Assigned task: Copy each line, word for word, from the one with "Captura De Pantalla 2025 12 30 181254" through the final line of the listing, but skip the pictures.

Given data:
*** Block opens ***

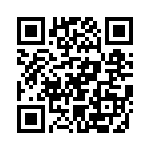 MS3100E28-6S QRCode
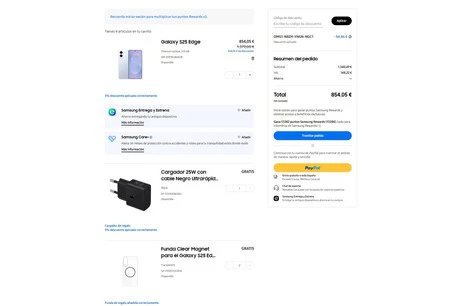 Captura De Pantalla 2025 12 30 181254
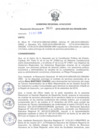 Vista preliminar de documento RD_633_2016.pdf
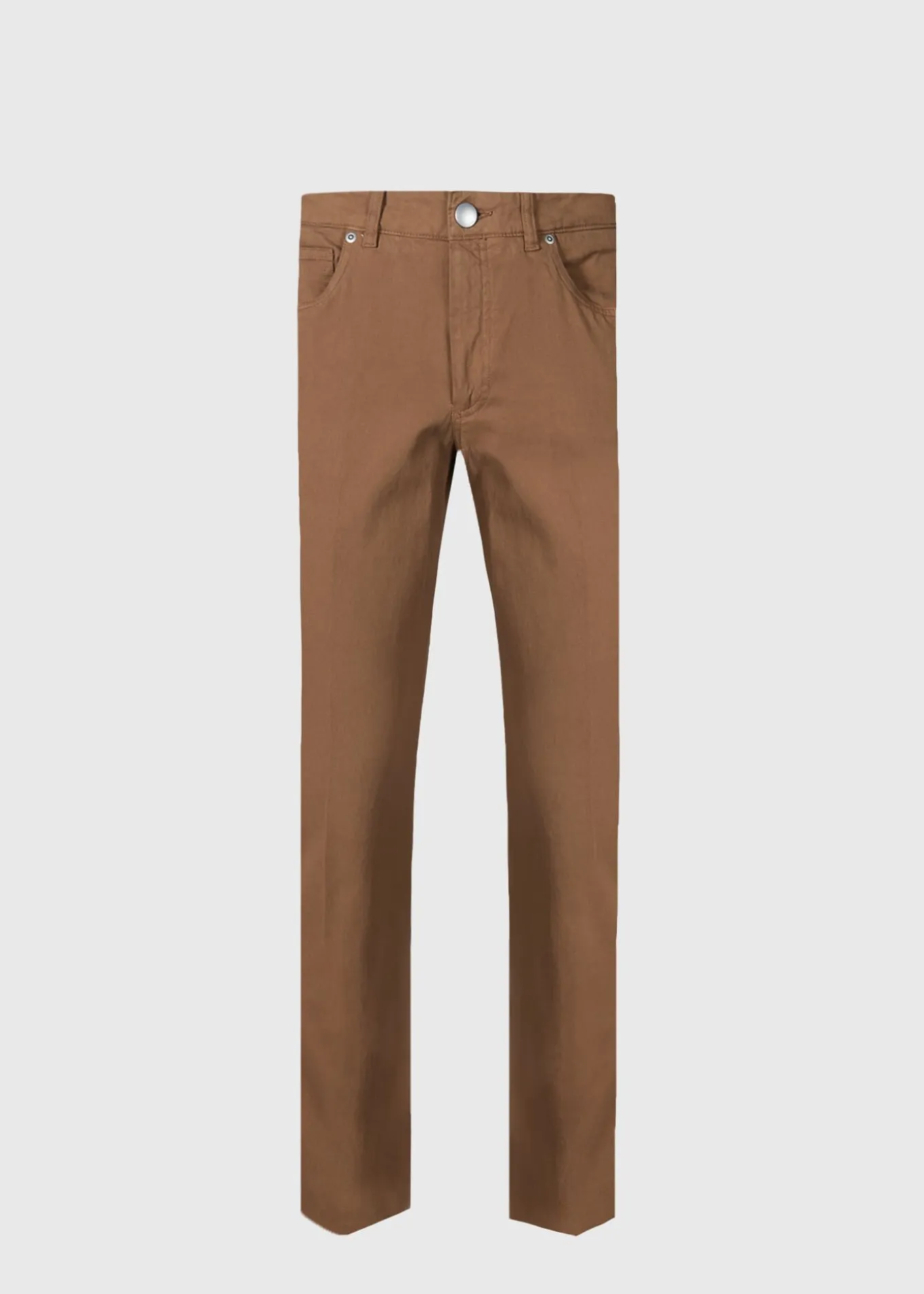 cotton_five_pocket_pant_0-5.webp Cotton Five Pocket Pant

*** Block closes ***

Final answer:
 Captura De Pantalla 2025 12 30 181254
 Vista preliminar de documento RD_633_2016.pdf
 cotton_five_pocket_pant_0-5.webp Cotton Five Pocket Pant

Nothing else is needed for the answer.